The law introduced last spring had given the town the right to revoke a permit after just two convictions for violations of almost any town building or safety codes over a three-year period. Musicians had said that rule would make it nearly impossible for professional musicians to remain in the community.

Supervisor Peter Van Scoyoc defended the need for some retooling of the music law, to address recurring issues at some venues.

“Pretty much everyone is adhering to the rules, but we do have some issues that are causing public safety concerns,” he said. “We have a responsibility to make sure people are safe and that other people’s rights are respected. It’s always about finding that sweet spot.”

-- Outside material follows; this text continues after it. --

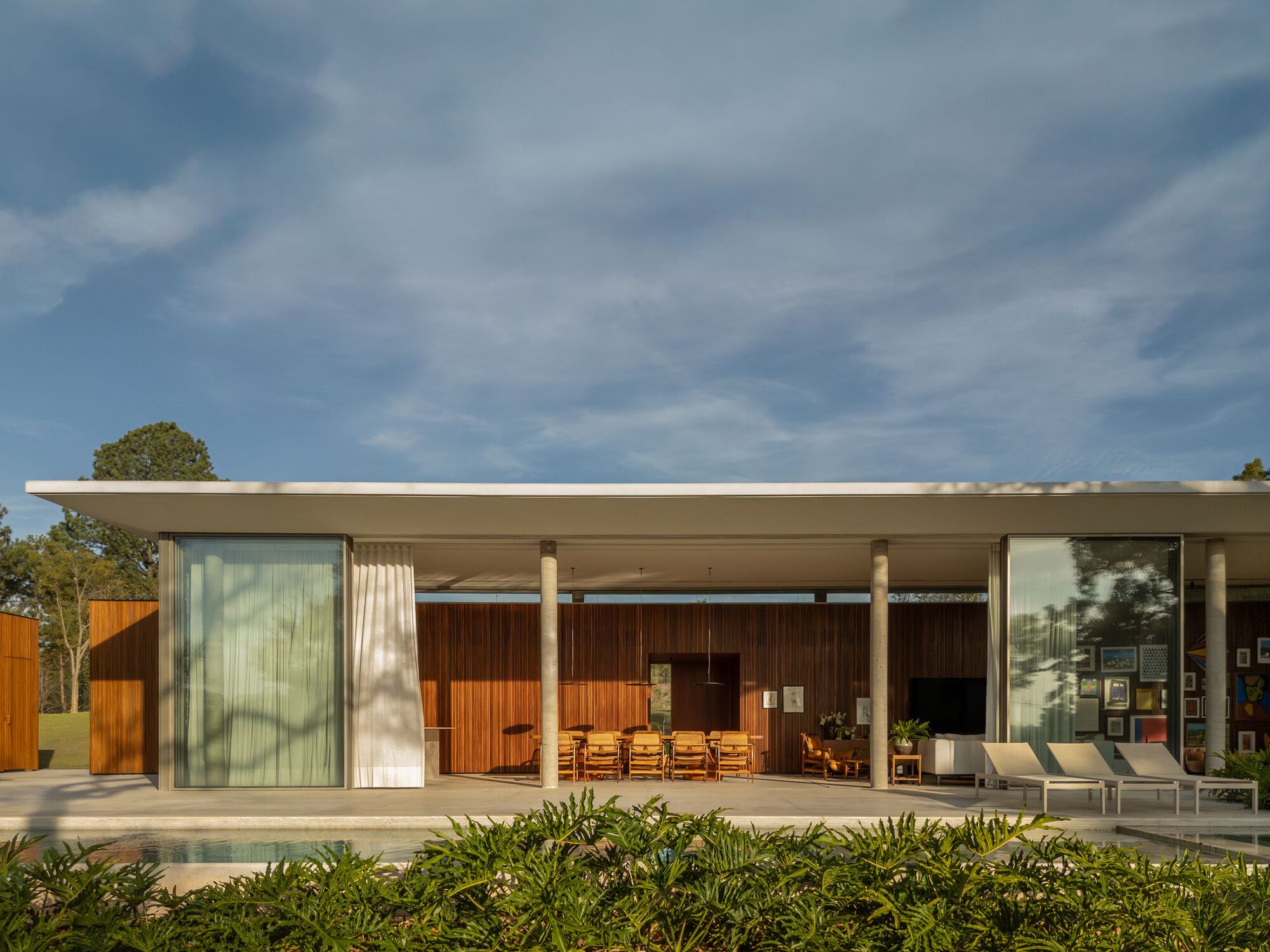 Covered poolside terrace with slender columns, timber-clad wall and recessed glass doors under afternoon light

Some board members said that other violations like overcrowding and fire safety code issues should remain as criteria for revocation, as a “hammer” with which the town could force compliance. Others said that the regular course of fines and threats to other legal approvals for a business would suffice to steer owners to remedy violations, and that the right to host live music should be judged only on how that particular service is handled.

“Overcrowding is the biggest temptation for an operator,” said Councilman Jeff Bragman. “Eliminating it is leaving the door open to club owners self-policing. I don’t give myself a speeding ticket. Wall Street didn’t do a very good job at self-policing. Boeing didn’t do a very good job at self-policing.”

Supervisor Peter Van Scoyoc agreed, saying that overcrowding should be an easy violation for business owners to avoid through due diligence.

Venue owners and musicians said the board should be finding ways to encourage more live music, not threatening to take it away from some.

“Music brings smiles to people’s faces,” said Lynn Calvo, owner of Lynn’s Hula Hut in Montauk, who said that the live music performances she hosts at her tiny tiki bar are the main draw to her bar. “When people are paying a lot of money to come to a resort town, they want to be entertained.”

Ms. Calvo and others said that the town should even be looking to loosen some of the restrictions on live music, by revisiting noise decibel limits — which have long been an issue of contention from musicians who say the current limits are unnecessarily low — and curfews. She said 10 p.m. would be a more appropriate cut-off time in the summer months, when it doesn’t get dark until 9 p.m. and people often work until after 7 p.m.

The board said it would post the new drafts of the legislation on the town’s website and hold another discussion of it at a future work session prior to formally introducing new amendments.